Поскольку сцене не хватает постороннего взгляда, точки зрения соглядатая, voyeur'a, в последний момент вводится образ поповской дочери. Именно она, а не сосед или какое-либо иное постороннее лицо, по тонкому расчету сказочника, придает действию предельное эротическое напряжение. Как же она себя поведет в такой ситуации? Разрыдается? Набросится на солдата с кулаками, защищая родительскую честь? Потеряет, наконец, сознание? Нет, в сказке она призвана сыграть совсем другую роль. Она должна произнести здравицу в честь солдатского хуя:
«А попова дочь смотрела-смотрела и говорит: «Ай да служивый! какой у него хуй-то здоровенный: матку и батьку насквозь пронизал, да еще конец мотается!»»
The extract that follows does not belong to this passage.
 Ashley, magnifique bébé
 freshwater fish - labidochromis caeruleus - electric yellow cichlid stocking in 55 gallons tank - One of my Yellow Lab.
Естественно, здесь предполагается смех слушателя/читателя. Над чем же, однако, он смеется? Над тем, что дочь не разобралась, где кончается батькин хуй и начинается солдатский? По сути дела, вся сцена представляет собой ситуацию погрома, учиненного над невинной поповской семьей. Но сказке до этого нет дела. Она пристрастна, она в восторге от ловкости и мужской силы своего любимого героя, торжествующего над нелюбимым героем, и, что называется, общечеловеческие ценности не принимаются ею в расчет. Мораль сказки строго ориентирована на поддержку героя в любом его поступке. Действия солдата правильны, потому что они верны. Это уже основа бессмертного ленинского силлогизма.